I also use BB's in my freezer. 18-28* and I really don't think you have anything to worry about. I leave 3-4" min of head space. You're air lock goes crazy as the wine warms up and with milk crates you won't have any issues moving the BB's.


----------



## Wade E (Jan 22, 2011)

That temp will work just fine and being in BB will be safer especially once it is that cold and when it needs moving like Dan stated. Just make sure when you rack it from there to another vessel that if its glass you let that wine warm back up or subject that empty carboy to that colder temp so as to not rack 24* wine into a 60* glass carboy!!!!! Crack!!!!!!!!!


----------



## Runningwolf (Jan 22, 2011)

Wade E said:


> Just make sure when you rack it from there to another vessel that if its glass you let that wine warm back up or subject that empty carboy to that colder temp so as to not rack 24* wine into a 60* glass carboy!!!!! Crack!!!!!!!!!



Thanks for addind that Wade as that was one of the points I was getting to and left out.


----------



## ffemt128 (Jan 22, 2011)

Well I moved both the Malvasia,Noble Muscadine, Chablis, and J Reisling outside the basement door in the covered stairwell. Wine level was just at the neck or just below for all of them so that should be sufficient I would think. The Malvasia, J Reisling and Chablis aren't dropping anything at the current temps recently but they may in the colder temps.

I think I may rotate the rest of the carboys through the stairwell over the course of the next couple weeks just to see what happens. At 40-50 degrees at last racking there were still crystals, though not as many as the previous racking.

Just checked the meat thermometer that I have sitting on the bench at carboy level. It's currently reading 42 degrees. At head height where I had the regular thermometer it is 53 degrees, that area is subject to the heater vent though. Funny, doesn't feel that cold down there right now.


----------



## homer (Jan 22, 2011)

Crystals in my Mars Grape Wine after 4 weeks. bk


----------



## Flame145 (Jan 24, 2011)

Do you have to rack the wine as right away. While it is still cold ?? or does it matter if the wine comes back to temperature, prior to racking ?????


----------



## ibglowin (Jan 24, 2011)

Flame145 said:


> Do you have to rack the wine as right away. While it is still cold ?? or does it matter if the wine comes back to temperature, prior to racking ?????

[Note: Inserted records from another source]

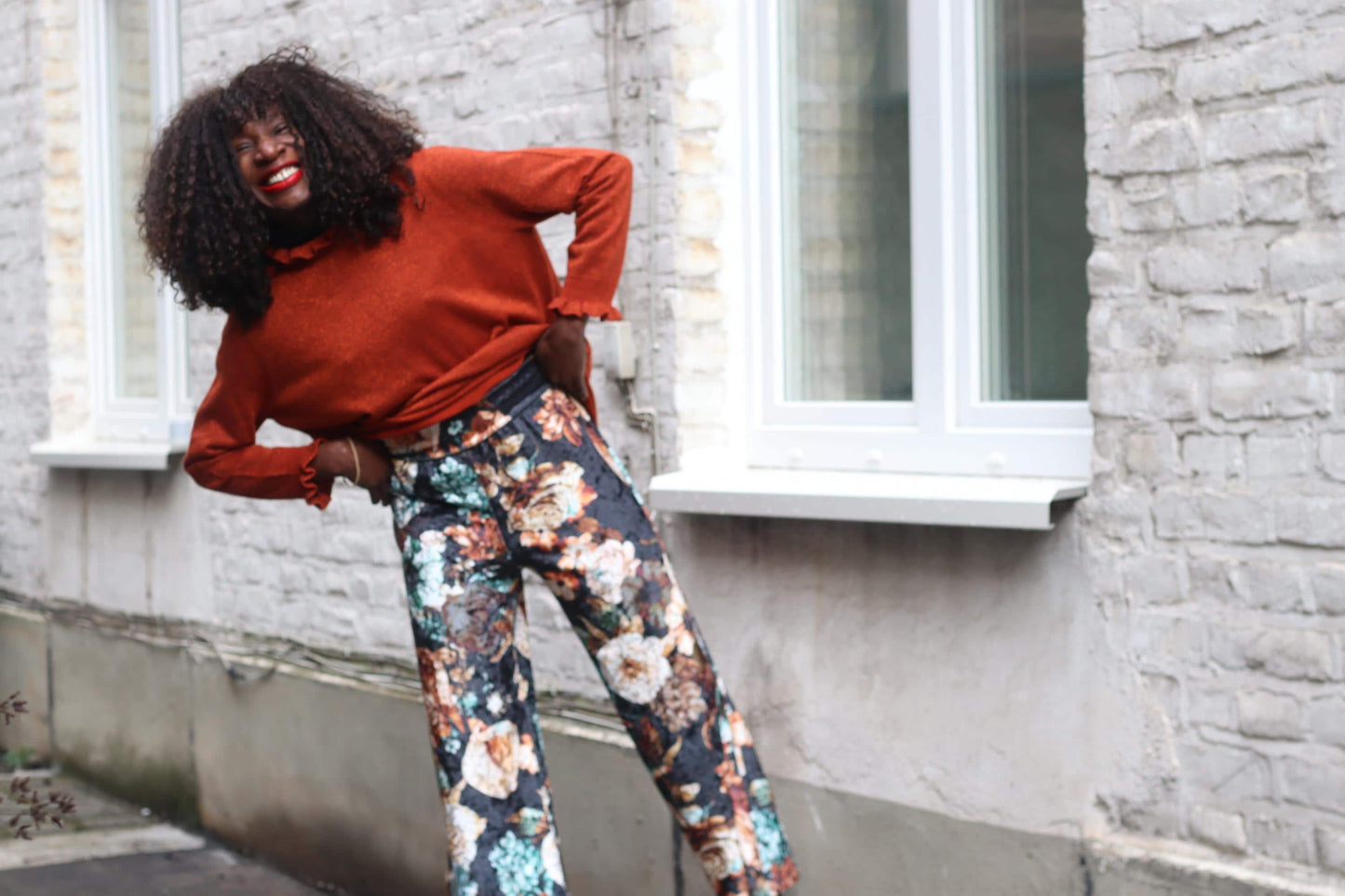 Floral Velvet Wide Leg Trousers Vintage Style High Waist Palazzo Pants S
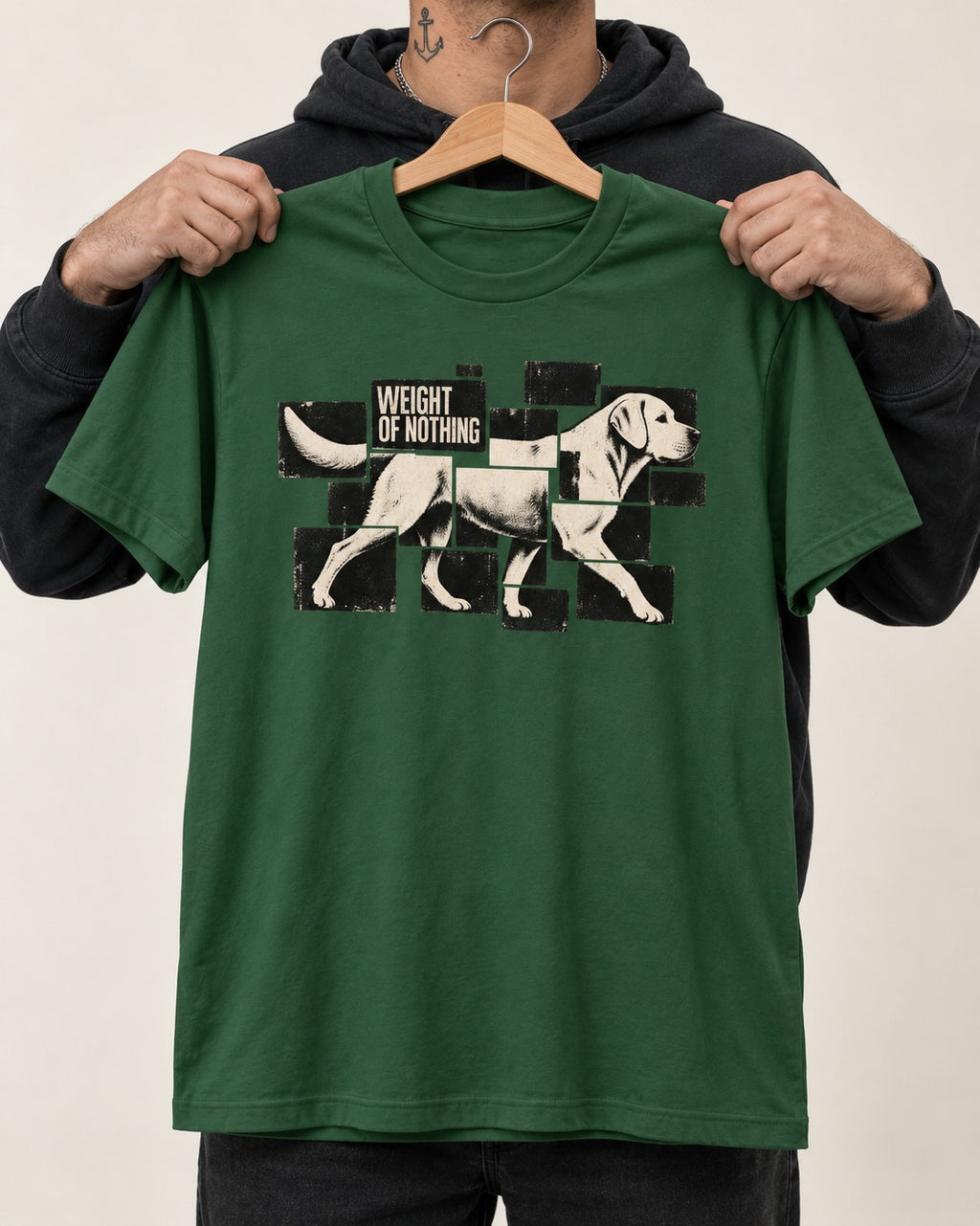 Labrador Retriever Weight of Nothing Fragmented Tile Graphic T-Shirt in Forest Green, held up on a hanger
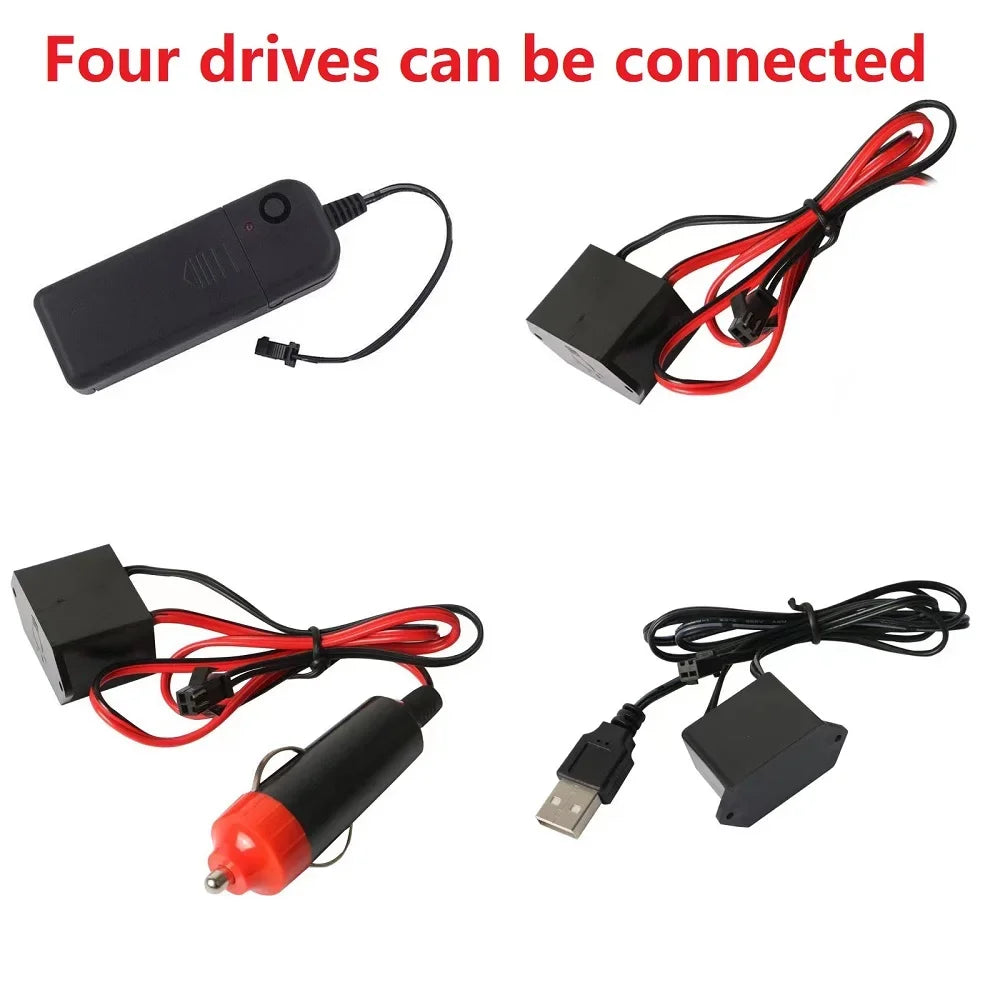 LED Neon Strip – Flexible Car Interior Ambient Lighting (1M/3M/5M)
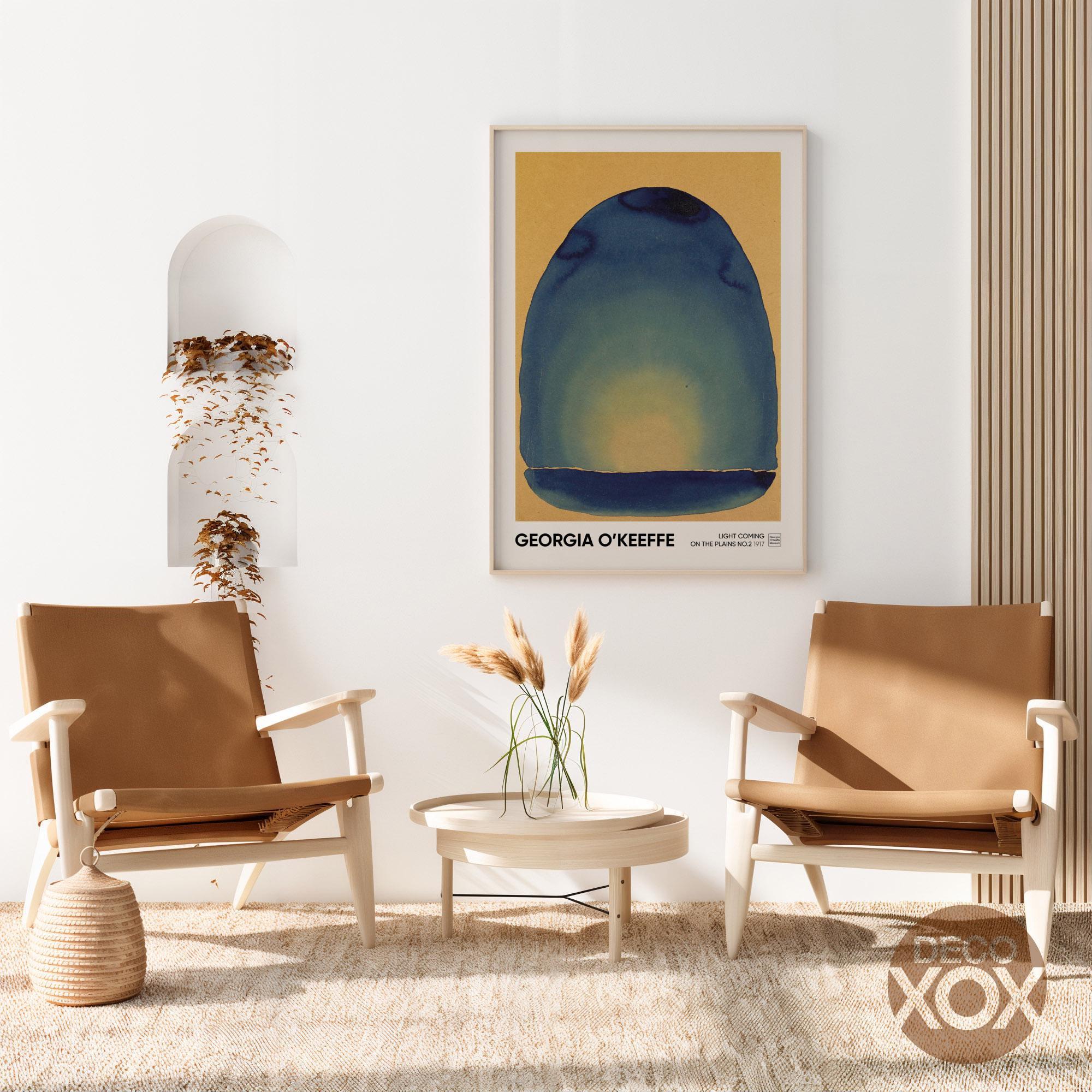 Georgia O'keeffe Blue Watercolor Art Print, Modern Minimalist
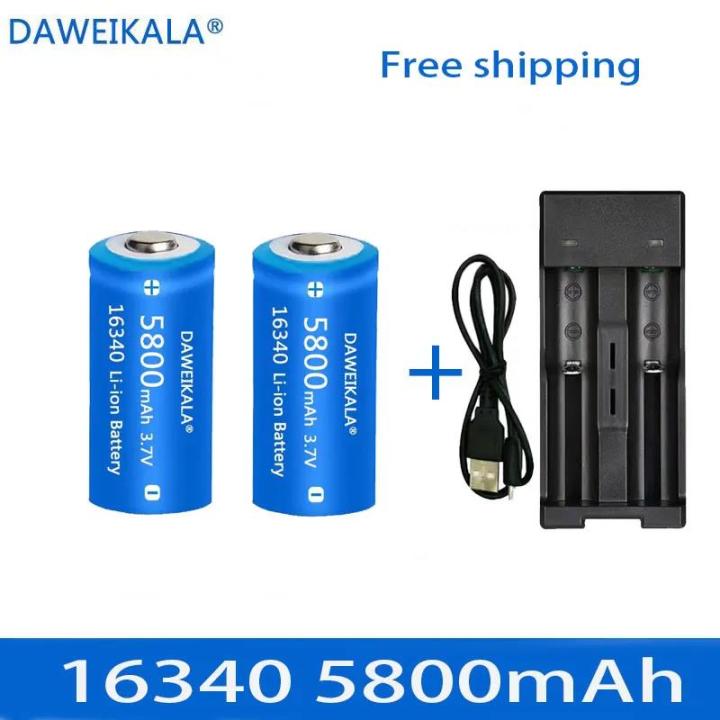 2023 New 3.7V 16340 CR123A Li-ion Battery Rechargeable Batteriy 5800mAh CR123 for Laser Pen LED Flashlight Cell Security Camara
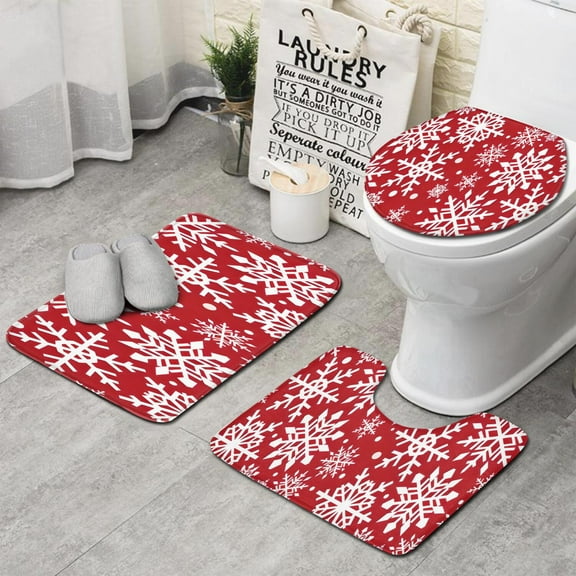 Red Christmas Snowflake Pattern Bathroom Rugs Sets 3 Piece,Toilet Cover Set,Absorbent Non Slip Bathroom Mats Sets with U-Shaped Contour Rug Toilet Rug Set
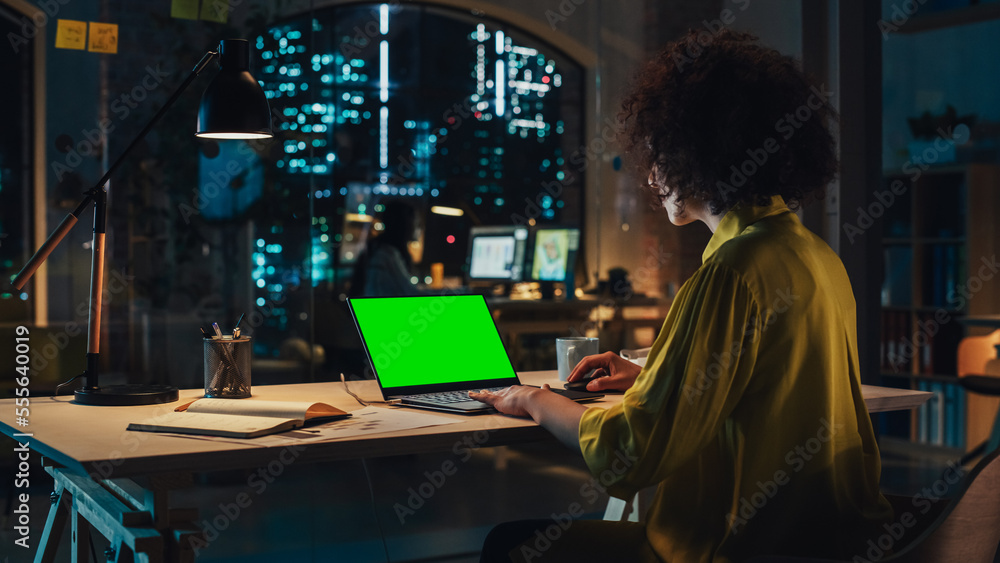 Poster Creative Multiethnic Female Working on Laptop Computer with Green Screen Mock Up Display. Successful Project Manager Browsing Internet, Writing Tasks, Developing a Marketing Strategy for a Partner.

You should rack while cold to avert anything going back into solution at a warmer temperature. Once a crystal forms it tends to drop out of solution for the most part and stay a solid but every now and then something will break the rules and do its own thing based on temperature so why take the chance.


----------



## ffemt128 (Jan 25, 2011)

Is there any concern going from a 30* carboy to a 60 degree carboy? I'm planning on moving indoors again this coming Saturday. The weekend was single digit temps for the most part and I believe the rest of the week will be around 30. As I said before, I was dropping acid like crazy at temps of 45-50ish. I just wanted to see if anything else was going to precipitate out.


----------



## Runningwolf (Jan 25, 2011)

ffemt128 said:


> Is there any concern going from a 30* carboy to a 6 degree carboy? I'm planning on moving indoors again this coming Saturday. The weekend was single digit temps for the most part and I believe the rest of the week will be around 30. As I said before, I was dropping acid like crazy at temps of 45-50ish. I just wanted to see if anything else was going to precipitate out.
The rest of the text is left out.